At the weekend I hit the grand old age of 50! Me! 50!
I’m sure everyone who hits this milestone must stop to take stock – but for myself I feel it does have a special significance.
When I was born it was very rare for a child with a single ventricle condition to survive to adulthood, in fact my parents were told I would be doing well if I reached the age of 5. At the age of 9 I had my first open heart surgery (the Glenn), and, again, my parents were told that my condition was more complicated than envisaged, and so we would all just have to see how it goes. As the years progressed I had a thrombosis and a TIA that both required inpatient treatment, and then I had my second open heart surgery, – the Fontan – at the age of 22.

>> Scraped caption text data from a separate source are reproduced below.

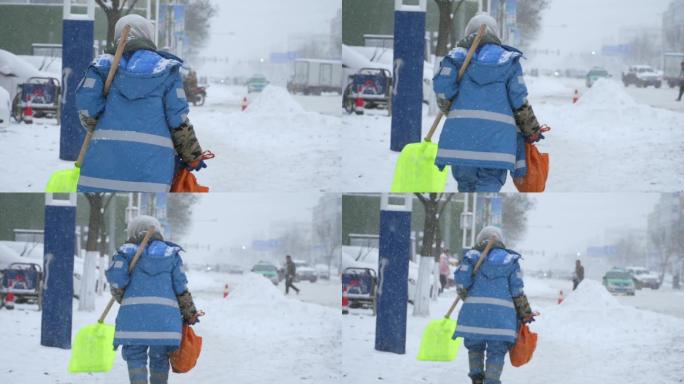 环卫工人在雪中艰难行走背影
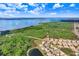 Scenic aerial shot of the property next to a lake and wooded surroundings at 116 Ocean Bluff Dr # 116, Kissimmee, FL 34759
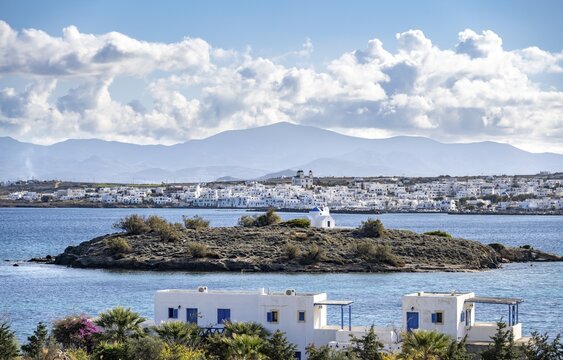 Small island with church Agia Kali, village view of Naoussa town and blue sea, white Cycladic houses and church Agios Faneromeni, Paros, Cyclades, Greece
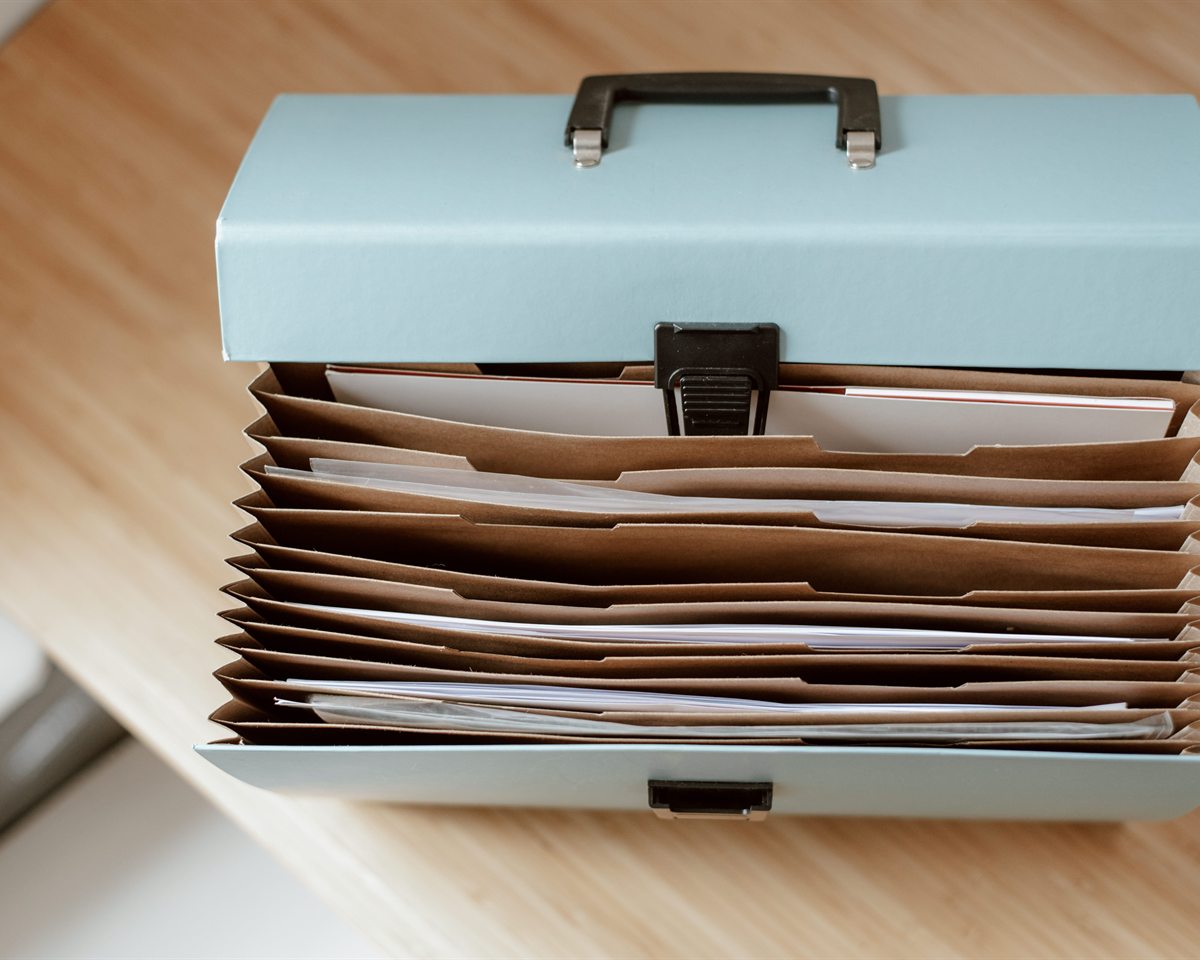 Arquivo com documentos organizados em divisórias sobre uma mesa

Since then I have married and had 2 children. My wonderful and special family, who I love so much, and who make me proud every day.
Obviously my condition has always impacted on my physical abilities, but I don’t think I have particularly been prevented from living the life I wanted to.
There was the time the school careers advisor told me I couldn’t work with children because I might end up having to deal with ‘disabled ones’! Ha! Little did he know what the future held, nor how I was going to cope with it!
I must admit there have been times, particularly when I had the children, and the Consultants had very little research to go on, I have felt my life is a bit of an experiment, or maybe I should just look at it as trying to be a pioneer – obviously there are others who would simply say I’m stubborn and like to get my own way! Lol!
Someone told me that 50 is the new 40 – well, when I hit 40 my Cardiologists told me they weren’t sure how my health would progress from there on, as, again, there was little research to go. I had a problem with AF and a rapid downturn in health at one point, but the wonderful team at the ACHD unit at QE Hospital, Birmingham popped a pacemaker in me, changed my drugs and set me up to continue with my life once more.
At 50, I really am now just taking it as it comes. I’m continually taking the advice of the doctors to try and stay as healthy as possible, but I really do appreciate that I am very lucky to be this healthy, at this age, and, whilst I don’t wish to blow my own trumpet, I am quite proud to be part of the generation leading the march of the single ventricles!